5. Don’t let expectations ruin you.
If you’re like me, an introvert who hasn’t dated much, you’ve spent a lot of time listening to friends complain about relationships and seeing exaggerated depictions of love on tv. Here’s the thing: You define your own relationship. The cool thing about a new relationship is that you and your partner get to create your own rules. Don’t like dinner dates? Totally fine. Hate watching sports? Let it be known. You don’t need to model anything after what your parents, friends, or favorite character from Insecure does.
6. Don’t change yourself.
This one probably seems pretty obvious, but there will come a time when you need to stand your ground, and let a partner know that what you offer is enough.

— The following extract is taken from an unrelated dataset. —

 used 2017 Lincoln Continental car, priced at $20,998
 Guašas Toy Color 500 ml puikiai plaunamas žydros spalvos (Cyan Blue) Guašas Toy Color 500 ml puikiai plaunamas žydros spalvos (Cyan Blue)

Of course, allow yourself the space to grow in a relationship, but don’t let anyone tell you that there is something wrong with being an introvert. Trust me, I’ve been there.
7. Allow yourself to try.
I know, this is another obvious one, but it really hits home with me. Part of dating is putting yourself out there and having some successes and some fails. As an introvert, my energy is precious, and sharing emotional and physical energy with someone else and having things not work out, is daunting. The thought of getting back on Bumble and starting a conversation with a random person, and suffering through the “How are you’s,” and the “Oh yeah hiking is fun,” just seems absolutely exhausting. But the reality is that it happens sometimes. I’ve had relationships fail even when I felt like I put everything into them, we all have. Take the time you need to restore your energy between dates/relationships, and allow yourself to slowly get back out there. It’ll be worth it down the line.